On May 21, 2017, L. Rafael Reif submitted to the Board his resignation as a member of the Board, effective as of immediately following the Annual Meeting.

In addition, on May 21, 2017, the Board appointed James “Jim” F. Albaugh as a director, effective as of immediately following the Annual Meeting, to fill the vacancy resulting from the resignation of Mr. Reif. Mr. Albaugh’s term will expire at the 2018 annual meeting of shareholders. Mr. Albaugh will be appointed to serve on the CEO Search Committee of the Board promptly following his appointment to the Board, and may be appointed to one or more additional Board committees at a later date.

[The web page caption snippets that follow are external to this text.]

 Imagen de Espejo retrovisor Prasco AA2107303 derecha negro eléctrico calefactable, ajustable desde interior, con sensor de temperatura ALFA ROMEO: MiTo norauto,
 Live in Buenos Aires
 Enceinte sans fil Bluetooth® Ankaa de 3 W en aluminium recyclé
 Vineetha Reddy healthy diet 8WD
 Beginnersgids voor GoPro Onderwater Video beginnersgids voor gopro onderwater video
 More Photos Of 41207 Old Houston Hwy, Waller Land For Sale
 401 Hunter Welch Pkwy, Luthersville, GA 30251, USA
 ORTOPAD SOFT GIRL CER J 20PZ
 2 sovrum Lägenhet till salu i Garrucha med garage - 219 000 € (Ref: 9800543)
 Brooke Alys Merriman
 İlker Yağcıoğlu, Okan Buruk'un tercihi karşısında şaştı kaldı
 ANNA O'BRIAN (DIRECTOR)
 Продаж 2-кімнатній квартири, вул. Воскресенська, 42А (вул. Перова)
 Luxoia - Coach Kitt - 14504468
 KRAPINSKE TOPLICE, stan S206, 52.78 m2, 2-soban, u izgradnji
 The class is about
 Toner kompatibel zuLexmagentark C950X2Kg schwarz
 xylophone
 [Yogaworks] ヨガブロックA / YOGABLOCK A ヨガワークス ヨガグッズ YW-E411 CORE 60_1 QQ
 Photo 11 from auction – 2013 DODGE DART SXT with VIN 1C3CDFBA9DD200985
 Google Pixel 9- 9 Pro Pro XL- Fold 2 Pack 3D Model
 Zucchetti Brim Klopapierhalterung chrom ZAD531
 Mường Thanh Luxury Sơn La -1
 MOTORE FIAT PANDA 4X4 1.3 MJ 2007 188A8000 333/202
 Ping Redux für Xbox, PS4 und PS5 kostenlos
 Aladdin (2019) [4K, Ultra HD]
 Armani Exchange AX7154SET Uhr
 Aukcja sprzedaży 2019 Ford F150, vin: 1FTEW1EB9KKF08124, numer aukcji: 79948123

Mr. Albaugh will receive compensation for his service on the Board pursuant to the compensation program for the Company’s non-employee directors, as in effect from time to time during his service on the Board. The Company’s current non-employee director compensation program is described on pages 21-24 of the Proxy Statement. In addition, the Company will enter into an indemnity agreement with Mr. Albaugh, in the form approved in principle by the Company’s shareholders and which the Company has entered into with each of its directors to supplement the indemnification coverage provided by the Company’s Articles of Incorporation and By-Laws and the Pennsylvania Business Corporation Law. (See Form of Indemnity Agreement between the Company and individual directors or officers, incorporated by reference to exhibit 10(j) to the Company’s Annual Report on Form 10-K (Commission file number 1-3610) for the year ended December 31, 1987.)

Item 9.01. Financial Statements and Exhibits

 

Exhibit

Number

  

Description

10.1    Settlement Agreement, dated as of May 22, 2017, by and among Elliott Associates, L.P., Elliott International, L.P., Elliott International Capital Advisors Inc. and Arconic Inc.
99.1    Press Release issued by Arconic Inc. on May 22, 2017


SIGNATURES

Pursuant to the requirements of the Securities Exchange Act of 1934, the Registrant has duly caused this report to be signed on its behalf by the undersigned hereunto duly authorized.

 

ARCONIC INC.
By:  

/s/ Katherine H. Ramundo

Name:   Katherine H. Ramundo
Title:  

Executive Vice President, Chief

Legal Officer and Secretary

Date: May 22, 2017


EXHIBIT INDEX

 

Exhibit

Number

  

Description

10.1

   Settlement Agreement, dated as of May 22, 2017, by and among Elliott Associates, L.P., Elliott International, L.P., Elliott International Capital Advisors Inc. and Arconic Inc.